Il faut dire que le genre y est assez nouveau. Outre que la femme d’un ministre, qui a été pendant sept ans à la tête des affaires de l’Empire, devait naturellement s’attendre à être plus critiquée qu’une autre, il est certain que le public anglais est moins habitué que le nôtre à cette littérature spéciale des « Souvenirs. » C’est une des choses dont l’étranger nous accorde le monopole. L’entreprise avait de quoi surprendre un public peu accoutumé à ce genre d’écrits. Mme Asquith a le don et le talent d’écrire. Après la chasse à courre, ce qu’elle préfère au monde, c’est la littérature. Elle a même essayé du roman. Le « journal » est la marque de la vocation de l’écrivain, auquel il manque pourtant la faculté de créer. Celui de Margot Asquith, comme il est ordinaire, n’était pas un secret pour quelques amis particuliers. L’auteur l’avait communiqué à Henry James. M. John Morley, cet homme d’un goût si fin, lui écrivait, après une consultation semblable : « Vous m’avez fait un immense plaisir. Votre livre est un exemple brillant de ces études de caractères où la France nous est tellement supérieure. Il ne tiendrait qu’à vous d’être notre Sévigné et, si j’étais un éditeur, je ne manquerais pas de vous offrir la fortune et la gloire. »

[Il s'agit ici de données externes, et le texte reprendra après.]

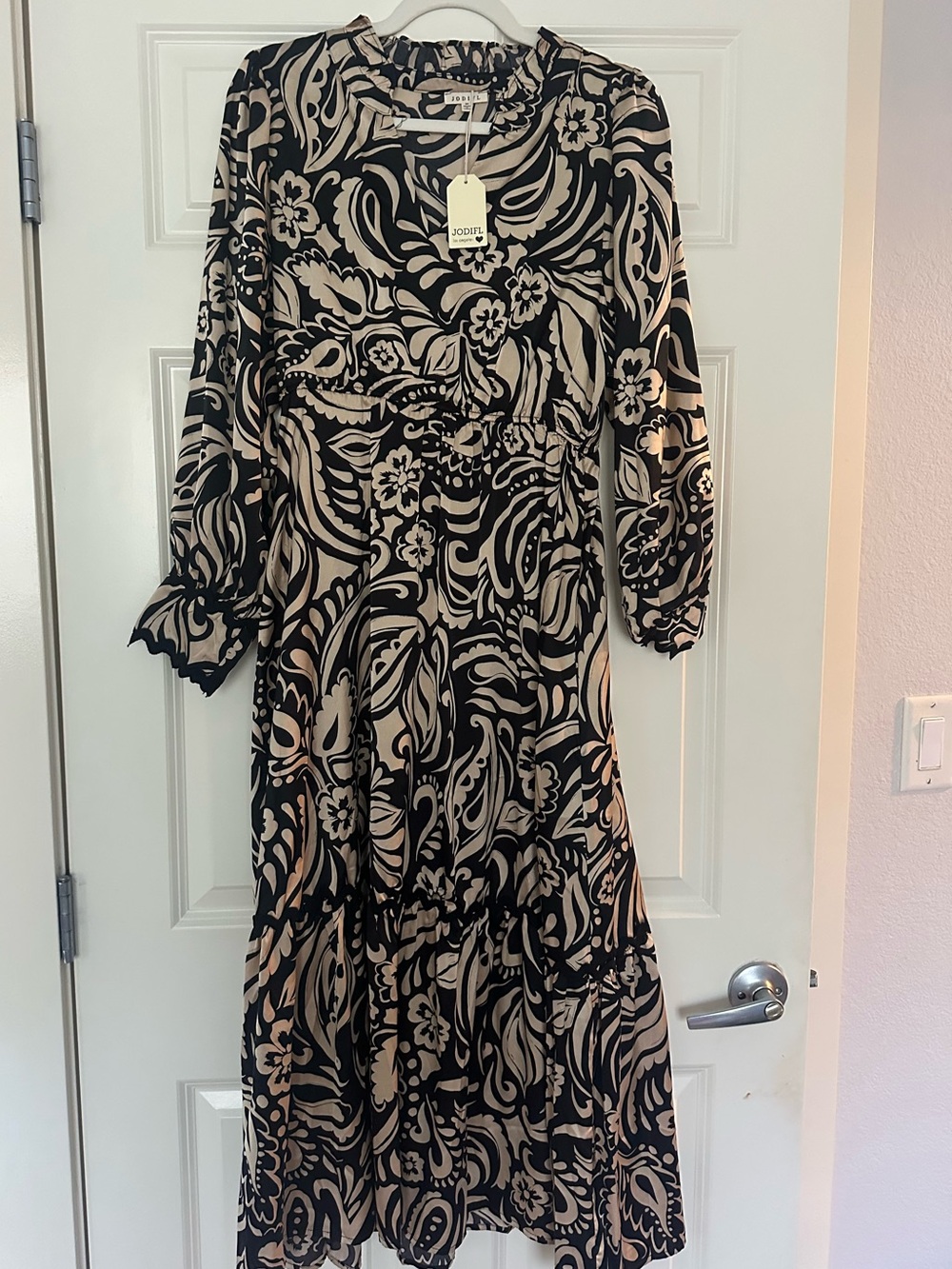 JODIFL Black and Beige Floral Long Sleeve Tiered Maxi Dress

Il faut, dans ces jugements, faire la part de l’amitié. On est cependant surpris que M. John Morley n’ait pas fait une remarque essentielle. Beaucoup de femmes chez nous ont écrit leurs Souvenirs : on n’en voit guère (hormis certaines professionnelles) qui les aient publiés de leur vivant. Nous sommes moins délicats aujourd’hui. La vie est devenue plus brutale et plus dure. Je pense que l’autour s’est résigné sans trop de peine à choquer l’opinion.